Fees take away 2% per year, so you'd still be underperforming at 16%.
 
Quote from jj90:

@flipside21: as you may be aware Buffett (and Graham I'm sure) has said if he went back to managing a few million he could do 50% per annum fairly consistently. I'll have to look up in my copy exactly what strategy Walton was running, but my quick google search shows me he was trading NOT investing.

@MTE: I was actually surprised when industry people running the same Graham-Buffett LP strategy as I try to, told me a 3 year record was enough. I had always thought the min was 5 years. In regards to scalability, I figure it will hit upper bounds at roughly 35-40M, but there's always the private equity route. Listed ideally, but I don't see a reason to have my hands tied. If I ever do hit a level where AUM forces my hand to go the post Munger Buffett buy forever approach, I will either make the transistion or close the firm.

Buffet can hold forever because it's a public company that's largely his. He doesn't have to worry about redemptions unless the insurance policies require a big payout. A fund is a different animal.

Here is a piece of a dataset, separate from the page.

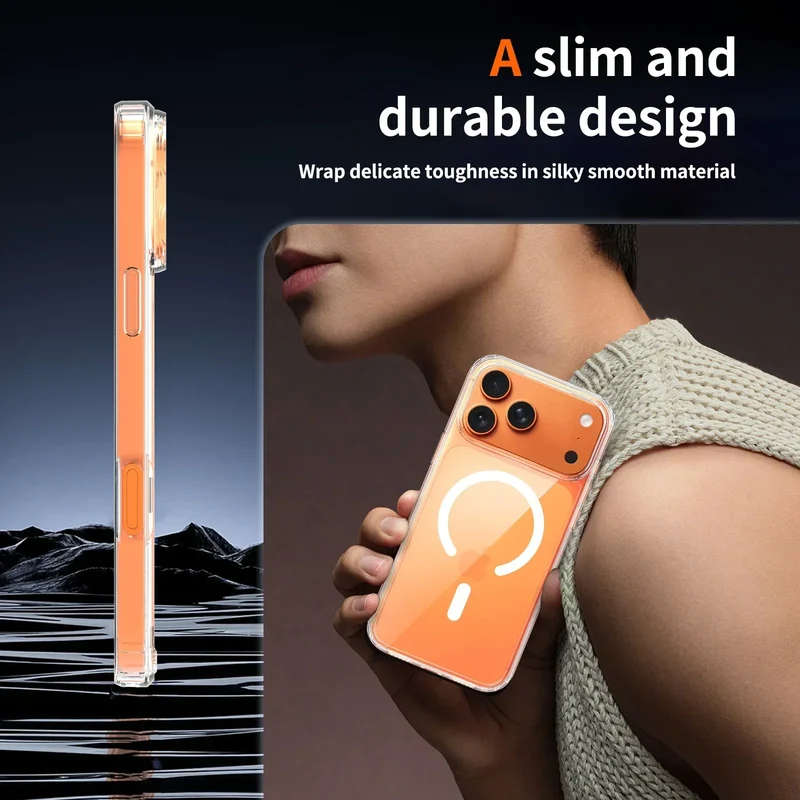 Transparent Phone Case For Magsafe iPhone 17 Pro Max Air 16E 16 E 15 Plus 14 13 Mini 12 11 X XS Mag Safe Phone Cover Accessories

How will you hold forever unless your investors are willing to give you their money forever?
 
Quote from newwurldmn:

Buffet can hold forever because it's a public company that's largely his. He doesn't have to worry about redemptions unless the insurance policies require a big payout. A fund is a different animal. How will you hold forever unless your investors are willing to give you their money forever?

Hedge fund investors are not known to be a patient group of people. Like MTV, they want to see their returns and they want to see them now.
http://www.youtube.com/watch?v=C_jVFjYTi78&feature=relmfu
 
Quote from flipside21:

Hedge fund investors are not known to be a patient group of people. Like MTV, they want to see their returns and they want to see them now.
http://www.youtube.com/watch?v=C_jVFjYTi78&feature=relmfu

Yeah. Very few people can get away without that. And those that can either have a 20 year track record or a very select investor base. Warren is good at exploiting it too. CEO's love to sell out to Warren because he gives them very long time horizons. PE shops need out in 5 years and will put a lot of pressure for value creation today so that they can appease their investors.
 
@MTE:I'm not looking for serious money actually. Serious as defined by 5M and up. Few 100Ks to 1M in aggregate is actually at this point probably the max I'd like to work with until investors get comfortable with me and my style. I spoke to 3 groups in my city, 1st guy is GP of a small shop running approx. 17M with around 11 outside investors. 2nd group was a business consulting firm that expanded into asset management in 09' and is running about 30-40M, mostly partners money. 3rd guy was director at a FoF who gave me color on the industry. Duly noted on liquidity.

@bwol:Your point on R2K is taken and am aware of, I can argue however as you pointed out that the real value lies in downside susceptibility. FWIW, I believe (maybe foolishly) that most investors wouldn't mind just a small positive spread over the index if the downside is mitigated to an extent.

@newwurld:I'm not looking to be structured after Berkshire today or even at its inception. I'm talking Buffett's LP days, and I'm wondering even if I want to go the fund route as there are massive regulatory issues that way (if I ever get there). I'm looking to roll as an LP and the core piece of advice given to me is that the investors that come in must absolutely FIT with the strategy and timeframe. That will eliminate the majority of hedge funds.

Great stuff, thanks for the feedback.